Data for the task
____________________
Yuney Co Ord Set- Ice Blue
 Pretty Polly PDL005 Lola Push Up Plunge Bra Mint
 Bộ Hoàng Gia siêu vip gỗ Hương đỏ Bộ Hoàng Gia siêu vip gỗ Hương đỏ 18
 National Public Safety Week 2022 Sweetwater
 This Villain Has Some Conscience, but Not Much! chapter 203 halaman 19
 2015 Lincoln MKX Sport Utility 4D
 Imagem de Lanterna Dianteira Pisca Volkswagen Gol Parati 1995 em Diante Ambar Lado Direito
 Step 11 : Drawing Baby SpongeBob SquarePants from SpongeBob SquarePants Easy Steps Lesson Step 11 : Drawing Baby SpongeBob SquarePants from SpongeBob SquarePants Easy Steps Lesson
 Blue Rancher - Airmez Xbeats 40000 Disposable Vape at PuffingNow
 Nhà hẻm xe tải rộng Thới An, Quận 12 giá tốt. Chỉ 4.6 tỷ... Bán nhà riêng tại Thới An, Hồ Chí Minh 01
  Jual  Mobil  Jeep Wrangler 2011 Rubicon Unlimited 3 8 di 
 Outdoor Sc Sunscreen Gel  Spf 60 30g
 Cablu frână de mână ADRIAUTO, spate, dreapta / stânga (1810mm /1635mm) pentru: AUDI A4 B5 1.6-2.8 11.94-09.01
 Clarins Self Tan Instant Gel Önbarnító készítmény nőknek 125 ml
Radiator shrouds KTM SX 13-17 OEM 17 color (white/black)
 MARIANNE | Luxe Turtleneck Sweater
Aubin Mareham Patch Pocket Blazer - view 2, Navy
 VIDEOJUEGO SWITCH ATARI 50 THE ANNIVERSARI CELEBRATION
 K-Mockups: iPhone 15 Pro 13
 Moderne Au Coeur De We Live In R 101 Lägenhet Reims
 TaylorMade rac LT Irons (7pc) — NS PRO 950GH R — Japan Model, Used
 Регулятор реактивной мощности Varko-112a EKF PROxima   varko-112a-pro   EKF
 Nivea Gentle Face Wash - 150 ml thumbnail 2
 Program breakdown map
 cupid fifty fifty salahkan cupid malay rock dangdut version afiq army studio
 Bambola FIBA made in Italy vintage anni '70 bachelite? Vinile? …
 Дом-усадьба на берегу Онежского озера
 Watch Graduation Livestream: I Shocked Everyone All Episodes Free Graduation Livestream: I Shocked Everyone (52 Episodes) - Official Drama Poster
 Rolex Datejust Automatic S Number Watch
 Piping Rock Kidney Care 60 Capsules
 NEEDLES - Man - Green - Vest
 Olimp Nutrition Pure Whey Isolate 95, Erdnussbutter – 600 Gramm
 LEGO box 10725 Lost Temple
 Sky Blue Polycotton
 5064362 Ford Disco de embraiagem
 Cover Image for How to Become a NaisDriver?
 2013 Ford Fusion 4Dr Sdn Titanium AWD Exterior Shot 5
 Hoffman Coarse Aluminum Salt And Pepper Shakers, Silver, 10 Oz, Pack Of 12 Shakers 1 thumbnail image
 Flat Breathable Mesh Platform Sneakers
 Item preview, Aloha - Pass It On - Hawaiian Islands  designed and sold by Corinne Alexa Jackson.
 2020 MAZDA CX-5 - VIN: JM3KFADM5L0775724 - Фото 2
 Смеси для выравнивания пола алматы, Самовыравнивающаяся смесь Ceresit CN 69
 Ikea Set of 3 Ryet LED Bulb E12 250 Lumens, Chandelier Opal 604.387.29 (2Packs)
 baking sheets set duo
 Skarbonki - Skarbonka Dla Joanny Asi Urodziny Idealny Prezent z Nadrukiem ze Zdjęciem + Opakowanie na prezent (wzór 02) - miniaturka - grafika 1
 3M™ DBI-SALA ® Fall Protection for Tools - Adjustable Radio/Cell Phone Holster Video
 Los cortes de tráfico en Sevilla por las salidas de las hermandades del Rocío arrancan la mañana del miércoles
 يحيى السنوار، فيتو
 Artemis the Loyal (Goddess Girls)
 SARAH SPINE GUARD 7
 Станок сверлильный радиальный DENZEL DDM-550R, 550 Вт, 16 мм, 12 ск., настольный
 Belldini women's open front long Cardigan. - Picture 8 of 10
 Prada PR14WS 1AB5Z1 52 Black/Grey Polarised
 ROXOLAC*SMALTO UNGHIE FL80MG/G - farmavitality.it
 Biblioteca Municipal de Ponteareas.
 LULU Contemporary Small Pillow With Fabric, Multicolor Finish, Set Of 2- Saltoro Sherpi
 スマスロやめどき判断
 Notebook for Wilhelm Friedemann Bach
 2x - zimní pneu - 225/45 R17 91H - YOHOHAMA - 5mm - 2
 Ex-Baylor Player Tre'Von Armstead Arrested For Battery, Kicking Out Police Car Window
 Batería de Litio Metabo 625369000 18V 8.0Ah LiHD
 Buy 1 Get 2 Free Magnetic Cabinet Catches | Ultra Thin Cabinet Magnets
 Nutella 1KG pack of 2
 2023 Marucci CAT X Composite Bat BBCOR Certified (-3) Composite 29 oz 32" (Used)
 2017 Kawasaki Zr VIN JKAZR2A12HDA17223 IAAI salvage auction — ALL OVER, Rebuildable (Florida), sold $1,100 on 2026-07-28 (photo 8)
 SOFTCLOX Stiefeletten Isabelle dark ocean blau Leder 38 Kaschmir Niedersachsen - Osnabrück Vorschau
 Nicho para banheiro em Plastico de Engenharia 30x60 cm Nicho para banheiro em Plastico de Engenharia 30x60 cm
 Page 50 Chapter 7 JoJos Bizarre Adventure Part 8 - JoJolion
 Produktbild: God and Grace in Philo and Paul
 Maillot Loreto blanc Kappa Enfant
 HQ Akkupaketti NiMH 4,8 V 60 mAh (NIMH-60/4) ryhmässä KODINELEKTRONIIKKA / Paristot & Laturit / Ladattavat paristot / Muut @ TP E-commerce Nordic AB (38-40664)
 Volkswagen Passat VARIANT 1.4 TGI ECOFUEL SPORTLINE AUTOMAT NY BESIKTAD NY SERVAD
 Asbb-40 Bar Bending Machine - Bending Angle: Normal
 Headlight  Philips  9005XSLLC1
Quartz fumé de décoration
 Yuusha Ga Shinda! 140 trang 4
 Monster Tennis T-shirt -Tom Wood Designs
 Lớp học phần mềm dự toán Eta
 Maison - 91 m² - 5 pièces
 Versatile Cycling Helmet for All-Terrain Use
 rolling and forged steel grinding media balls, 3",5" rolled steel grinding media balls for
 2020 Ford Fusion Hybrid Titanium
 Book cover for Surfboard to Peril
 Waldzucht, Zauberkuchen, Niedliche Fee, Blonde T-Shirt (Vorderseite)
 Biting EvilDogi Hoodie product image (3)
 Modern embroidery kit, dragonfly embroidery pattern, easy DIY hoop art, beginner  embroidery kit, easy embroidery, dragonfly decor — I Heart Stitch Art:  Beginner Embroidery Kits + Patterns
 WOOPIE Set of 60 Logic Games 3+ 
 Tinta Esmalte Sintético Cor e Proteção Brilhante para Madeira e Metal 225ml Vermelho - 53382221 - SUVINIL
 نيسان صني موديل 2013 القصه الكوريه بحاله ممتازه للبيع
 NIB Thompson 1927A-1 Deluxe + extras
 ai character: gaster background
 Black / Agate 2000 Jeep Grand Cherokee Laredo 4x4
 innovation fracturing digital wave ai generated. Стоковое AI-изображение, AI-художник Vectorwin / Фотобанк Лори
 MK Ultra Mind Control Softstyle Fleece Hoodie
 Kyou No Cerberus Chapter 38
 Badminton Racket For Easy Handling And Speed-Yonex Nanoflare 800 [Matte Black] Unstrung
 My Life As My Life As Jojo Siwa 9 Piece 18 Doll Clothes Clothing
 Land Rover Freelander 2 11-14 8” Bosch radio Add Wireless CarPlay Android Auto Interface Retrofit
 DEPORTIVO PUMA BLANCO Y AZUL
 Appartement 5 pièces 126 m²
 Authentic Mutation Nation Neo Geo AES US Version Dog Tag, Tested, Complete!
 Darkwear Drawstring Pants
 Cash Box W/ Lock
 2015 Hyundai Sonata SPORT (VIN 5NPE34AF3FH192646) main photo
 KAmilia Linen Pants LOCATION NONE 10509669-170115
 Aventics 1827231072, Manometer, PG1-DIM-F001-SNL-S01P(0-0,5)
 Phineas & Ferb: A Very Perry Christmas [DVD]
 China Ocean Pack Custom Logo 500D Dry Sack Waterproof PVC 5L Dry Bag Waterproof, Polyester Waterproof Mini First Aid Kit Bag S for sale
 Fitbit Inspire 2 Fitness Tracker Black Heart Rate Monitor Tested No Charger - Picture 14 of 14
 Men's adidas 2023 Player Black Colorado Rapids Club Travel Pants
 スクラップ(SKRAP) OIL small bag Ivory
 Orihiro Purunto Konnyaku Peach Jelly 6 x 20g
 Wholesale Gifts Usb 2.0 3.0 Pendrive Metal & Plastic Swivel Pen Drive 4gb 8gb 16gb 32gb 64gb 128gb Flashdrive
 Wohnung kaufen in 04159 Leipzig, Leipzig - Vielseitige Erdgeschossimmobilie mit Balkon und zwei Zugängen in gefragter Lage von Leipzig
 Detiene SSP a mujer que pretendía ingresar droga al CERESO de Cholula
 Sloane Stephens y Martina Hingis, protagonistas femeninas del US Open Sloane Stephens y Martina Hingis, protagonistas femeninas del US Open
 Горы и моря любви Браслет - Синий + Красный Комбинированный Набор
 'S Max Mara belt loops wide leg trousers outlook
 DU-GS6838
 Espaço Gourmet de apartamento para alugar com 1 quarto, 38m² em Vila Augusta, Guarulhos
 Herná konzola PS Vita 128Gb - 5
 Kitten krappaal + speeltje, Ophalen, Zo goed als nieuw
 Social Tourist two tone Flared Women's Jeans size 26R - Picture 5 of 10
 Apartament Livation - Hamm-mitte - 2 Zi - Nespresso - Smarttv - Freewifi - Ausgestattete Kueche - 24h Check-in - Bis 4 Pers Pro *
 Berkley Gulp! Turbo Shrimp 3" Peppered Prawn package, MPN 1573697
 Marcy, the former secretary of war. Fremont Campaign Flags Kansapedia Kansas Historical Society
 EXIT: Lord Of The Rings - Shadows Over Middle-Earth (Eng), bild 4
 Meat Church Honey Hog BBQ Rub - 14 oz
____________________
What is being asked
Begin with the line that has "MK Ultra Mind" in the listing above and end after the line that has "Darkwear Drawstring Pants"; output those lines exactly.

Result for this task
 MK Ultra Mind Control Softstyle Fleece Hoodie
 Kyou No Cerberus Chapter 38
 Badminton Racket For Easy Handling And Speed-Yonex Nanoflare 800 [Matte Black] Unstrung
 My Life As My Life As Jojo Siwa 9 Piece 18 Doll Clothes Clothing
 Land Rover Freelander 2 11-14 8” Bosch radio Add Wireless CarPlay Android Auto Interface Retrofit
 DEPORTIVO PUMA BLANCO Y AZUL
 Appartement 5 pièces 126 m²
 Authentic Mutation Nation Neo Geo AES US Version Dog Tag, Tested, Complete!
 Darkwear Drawstring Pants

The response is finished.